The village being left behind, we ride on through one long palm-grove after another; now skirting the borders of a large sheet of tranquil back-water; now catching a glimpse of the far-off pyramids of Ghîzeh, now passing between the huge irregular mounds of crumbled clay which mark the site of Memphis. Next beyond these we come out upon a high embanked road some twenty feet above the plain, which here spreads out like a wide lake and spends its last dark-brown alluvial wave against the yellow rocks which define the edge of the desert. High on this barren plateau, seen for the first time in one unbroken panoramic line, there stand a solemn company of pyramids; those of Sakkârah straight before us, those of Dahshûr to the left, those of Abusîr to the right and the great pyramids of Ghîzeh always in the remotest distance.
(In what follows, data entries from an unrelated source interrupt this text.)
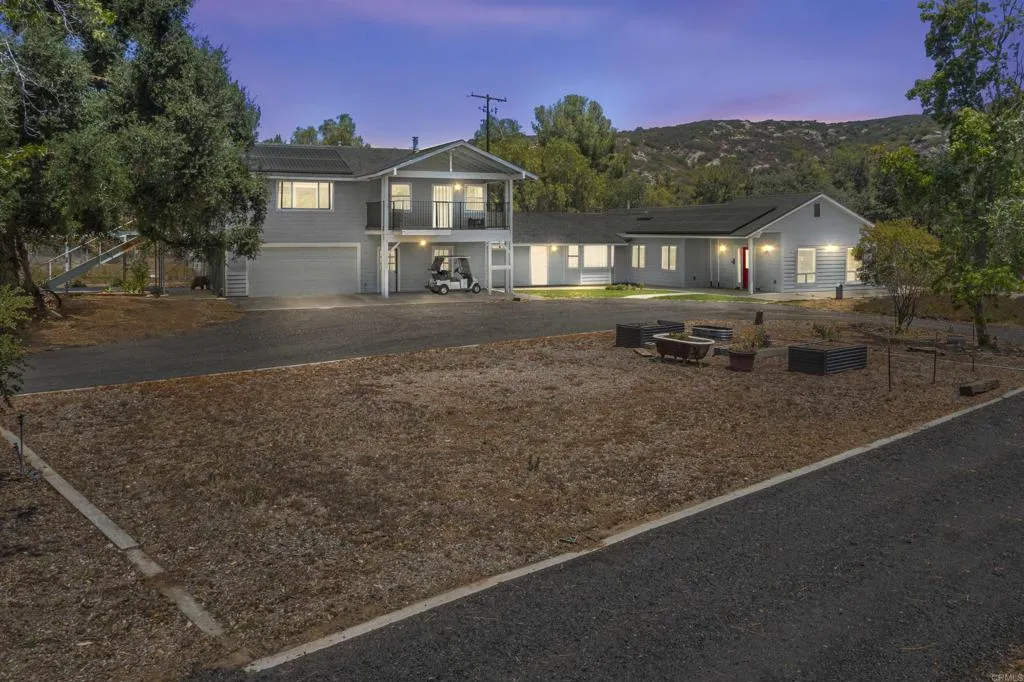 https://cdn.realtyfeed.com/cdn/127/306753516/fea74d2115911f3a3a2b950280af78c5.webp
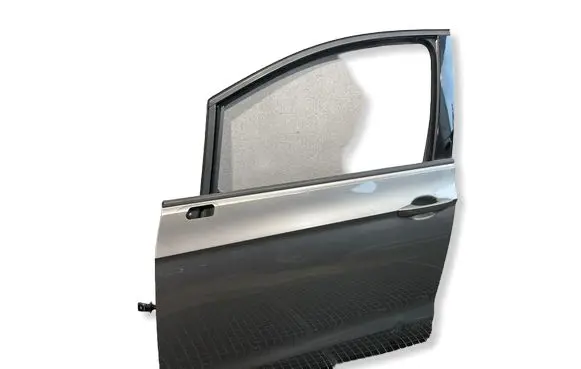 Volkswagen Golf Sportsvan Front door 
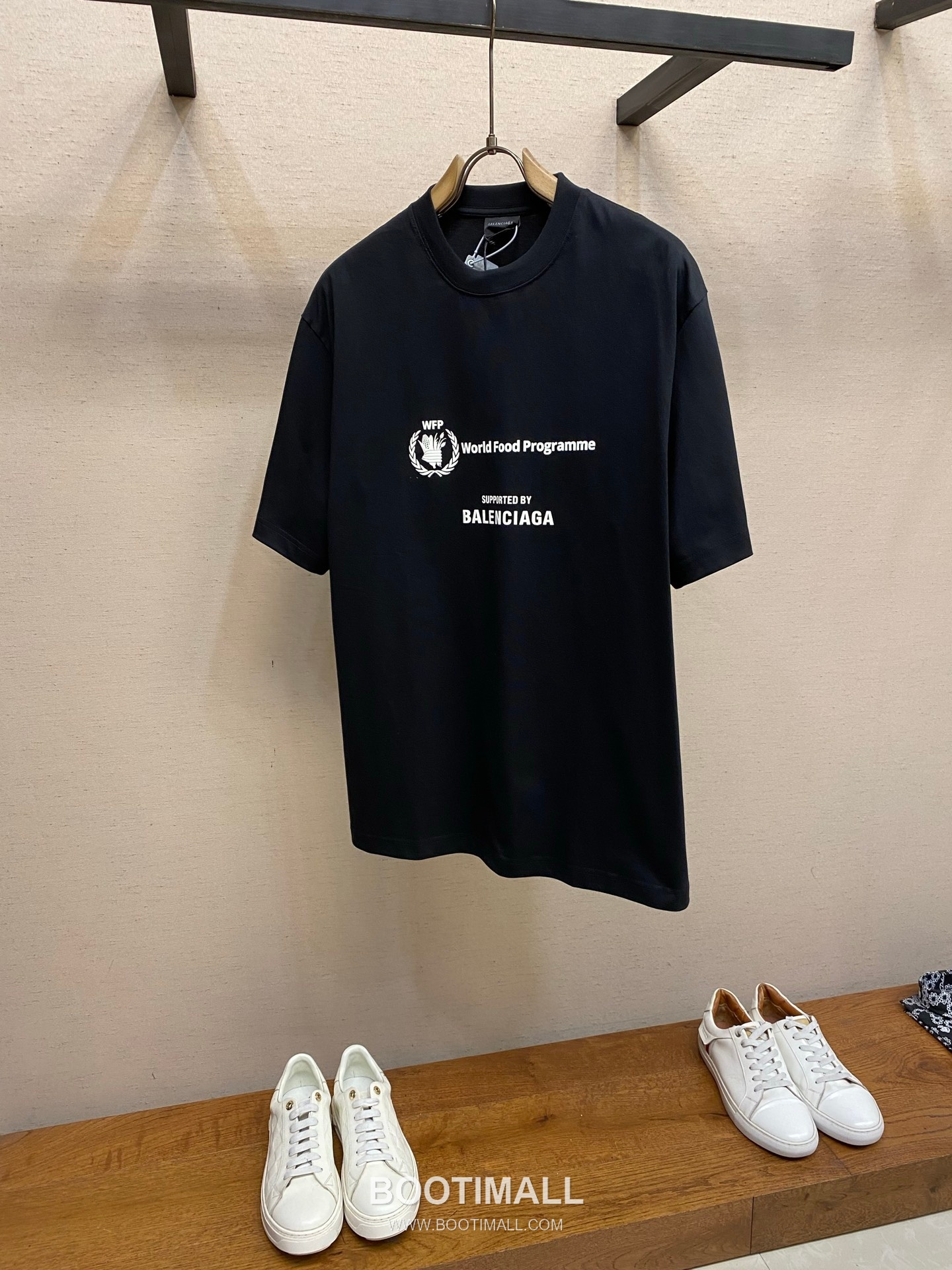 Balenciaga 2026SS WFP Logo Print Cotton T-Shirt with Collaboration Detail 발렌시아가 2026SS WFP 로고 프린트 코튼 반팔 티셔츠 콜라보 디테일 10
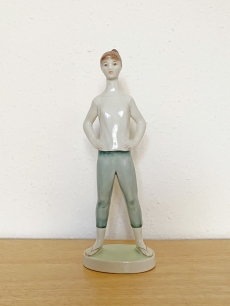 Zsolnay retro porcelán figura - lány flip-flop papucsban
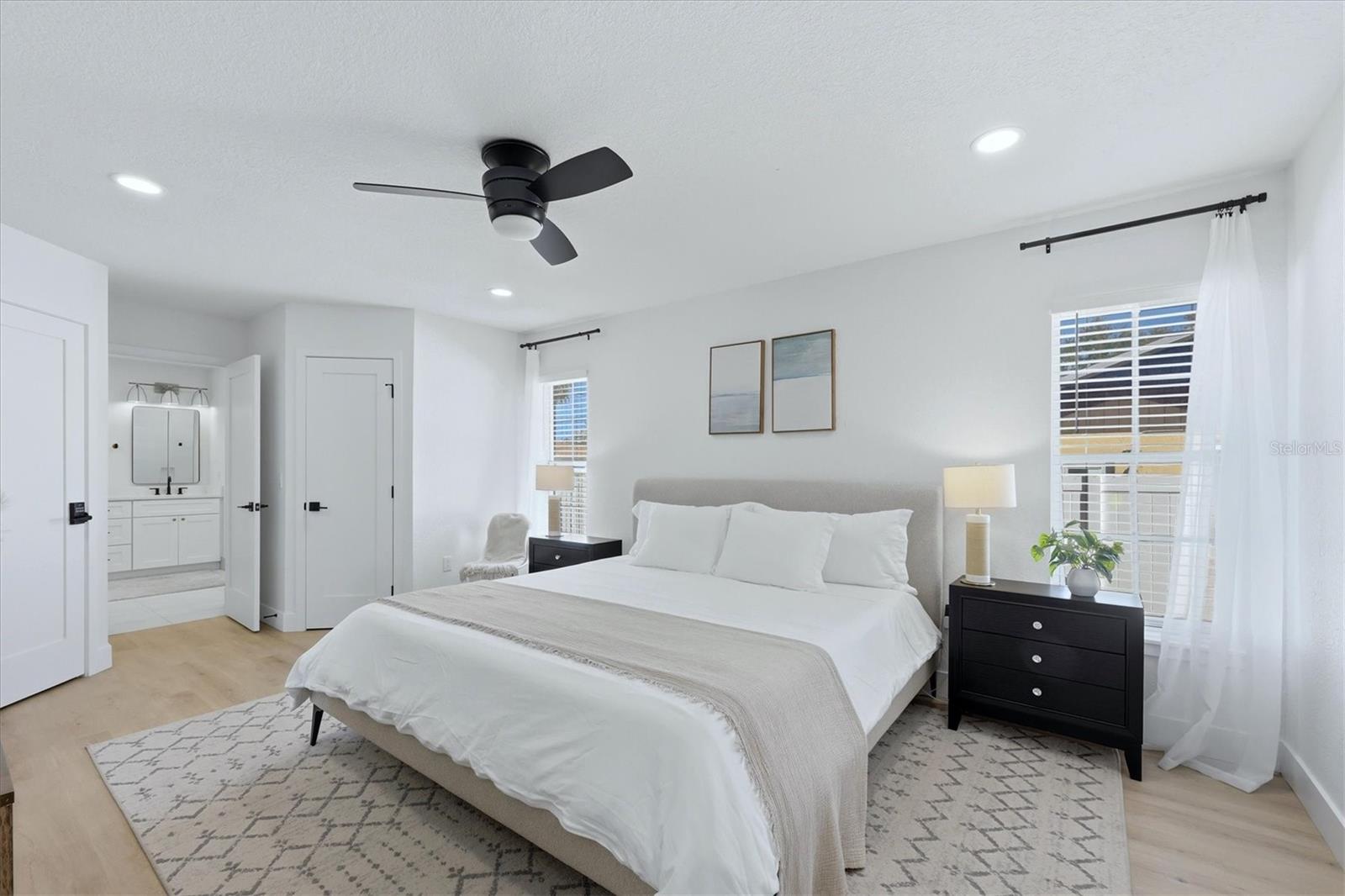 SOUTH VENICE - Residential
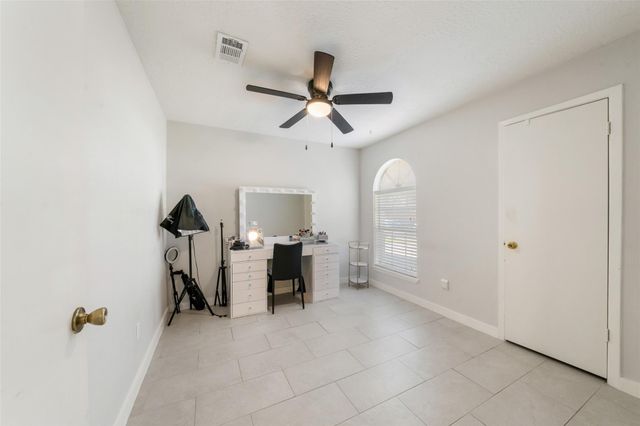 5850 Fallengate Drive, Spring, TX 77373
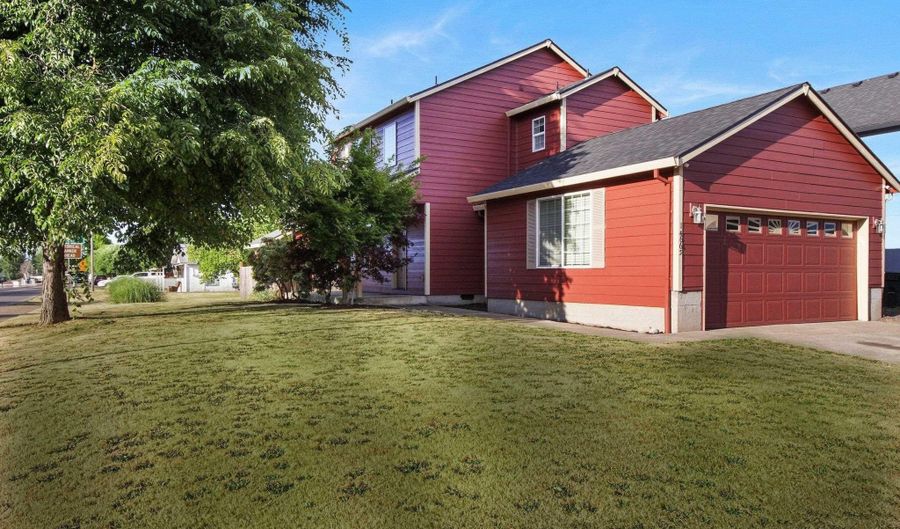 14665 Orchard Ave NE, Aurora, OR 97002 - 3 Beds, 3 Bath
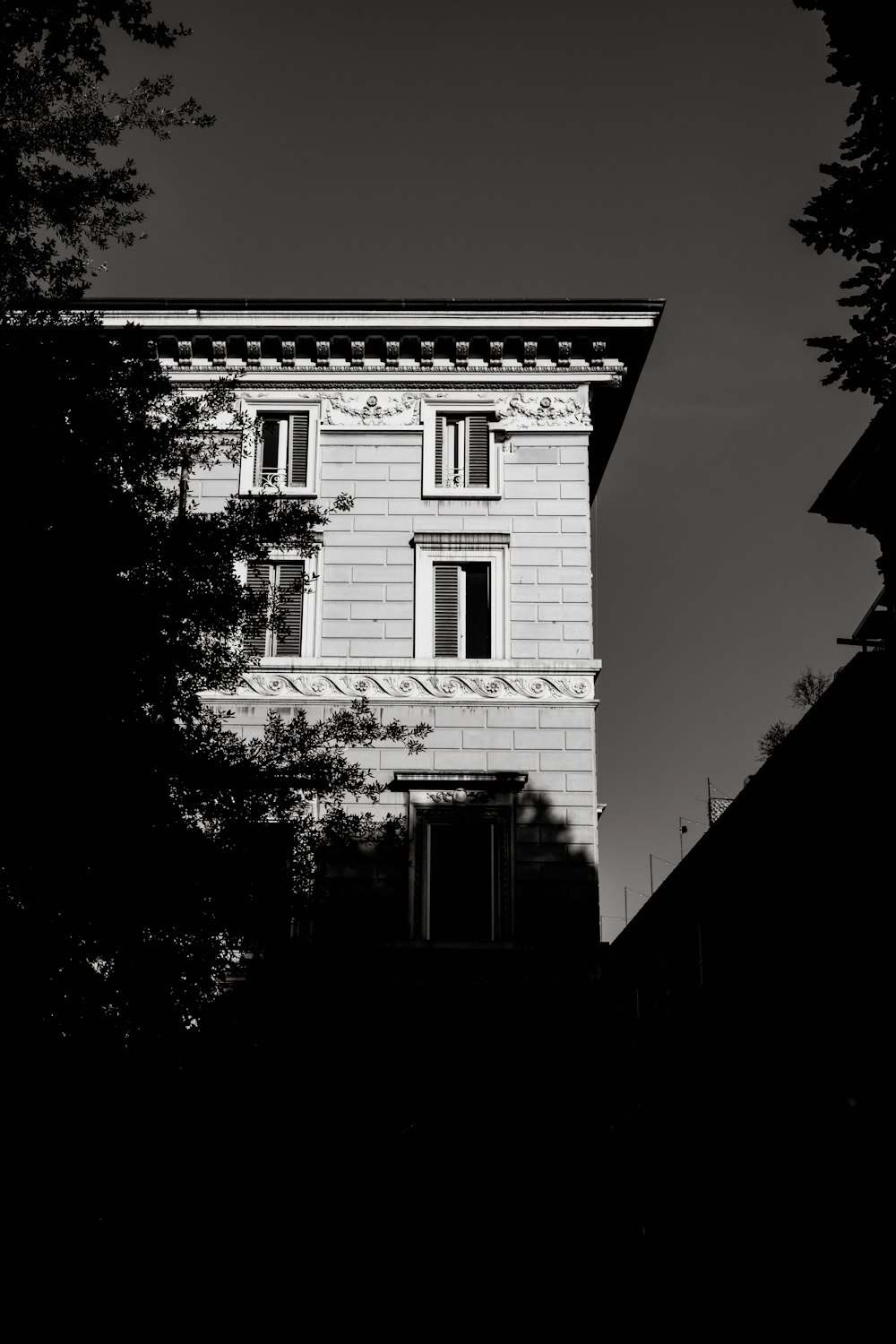 a black and white photo of a tall building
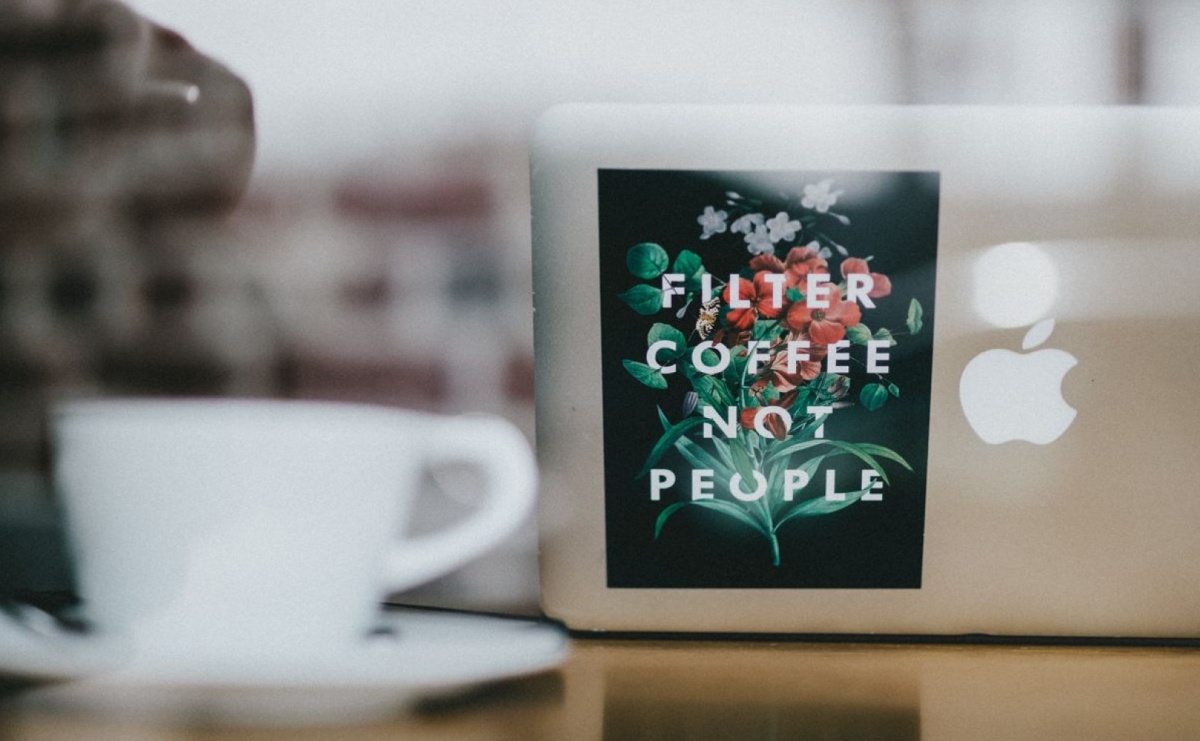 Kreatywne naklejki na każdą okazję: rodzaje, zastosowania i efektywność reklamowa - Serwis informacyjny z Raciborza - naszraciborz.pl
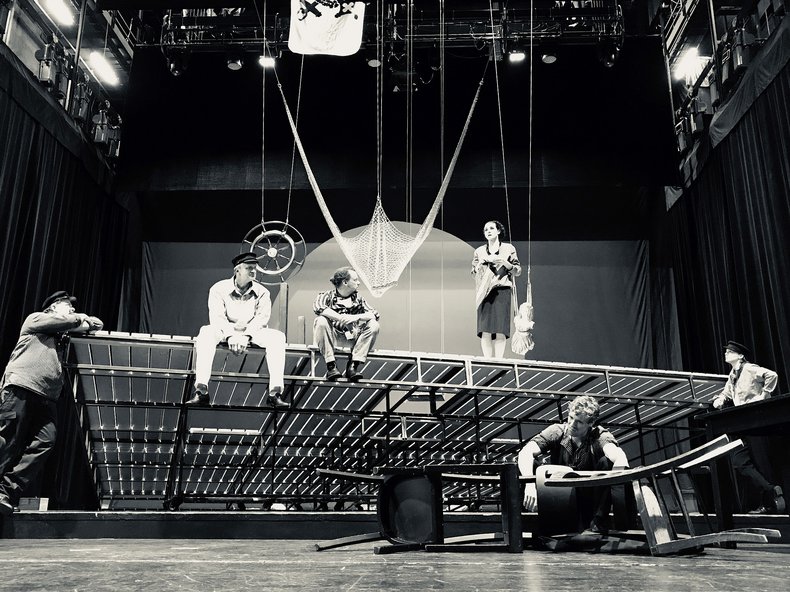 Stadttheater Bremerhaven - STERNE SCHIESSEN (UA) | © Timo Dentler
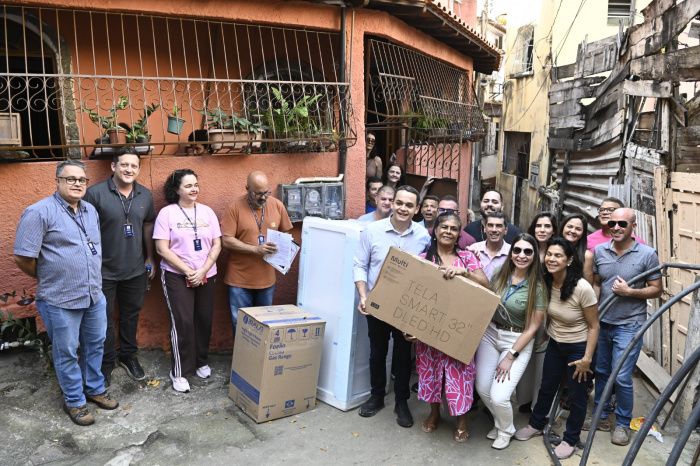 Casa Feliz e Segura: Glacioni Conceição recebe melhorias habitacionais em sua residência
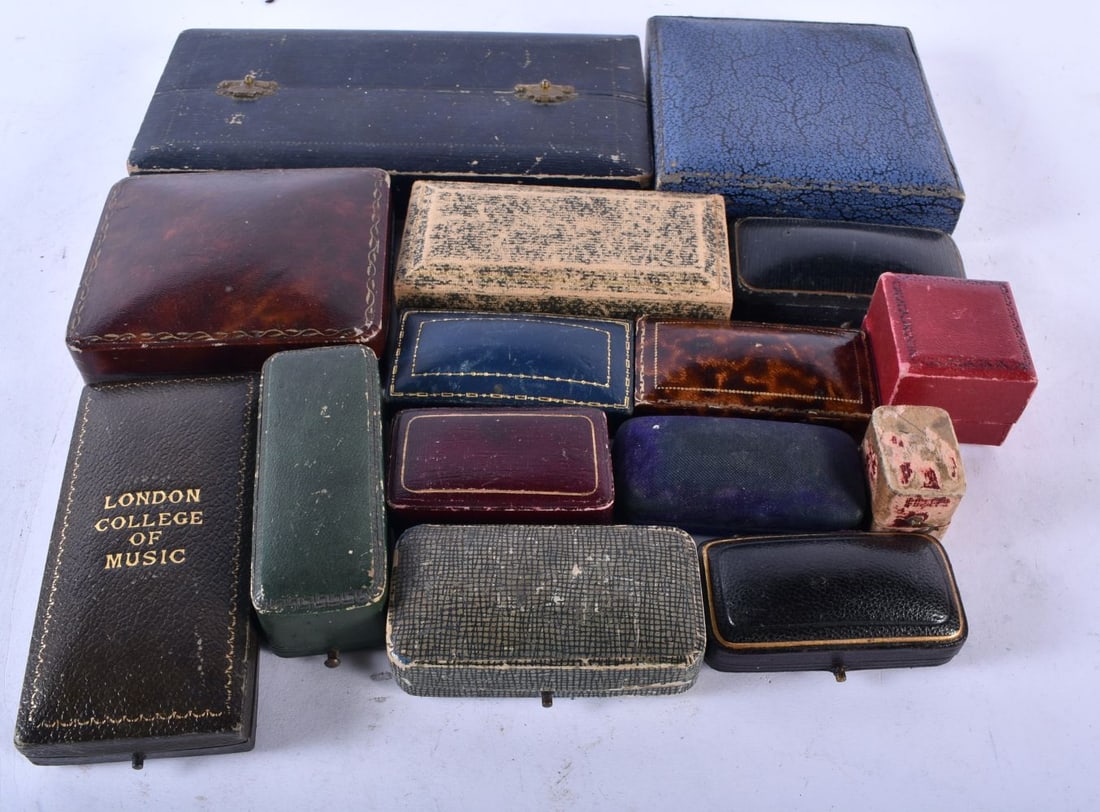 ASSORTED JEWELLERY BOXES. (qty) (1 of 2)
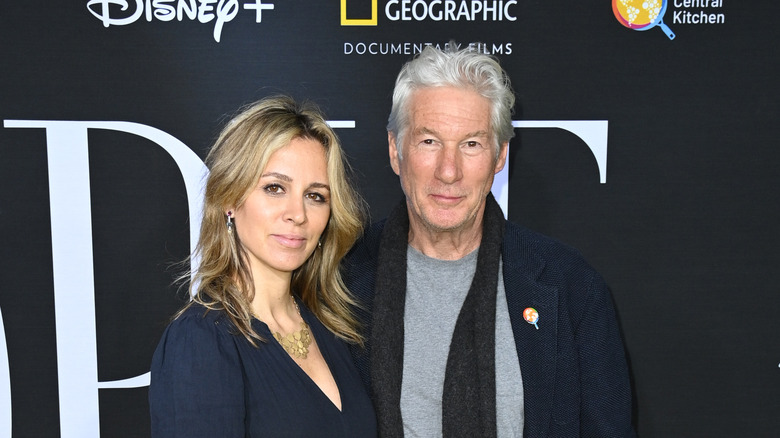 Alejandra Silva, Richard Gere in matching outfits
It might be thought that there would be some monotony in such a scene and but little beauty. On the contrary, however, there is beauty of a most subtle and exquisite kind—transcendent beauty of color and atmosphere and sentiment; and no monotony either in the landscape or in the forms of the pyramids. One of these which we are now approaching is built in a succession of platforms gradually decreasing toward the top. Another down yonder at Dahshûr curves outward at the angles, half dome, half pyramid, like the roof of the Palais de Justice, in Paris. No two are of precisely the same size, or built at precisely the same angle; and each cluster differs somehow in the grouping.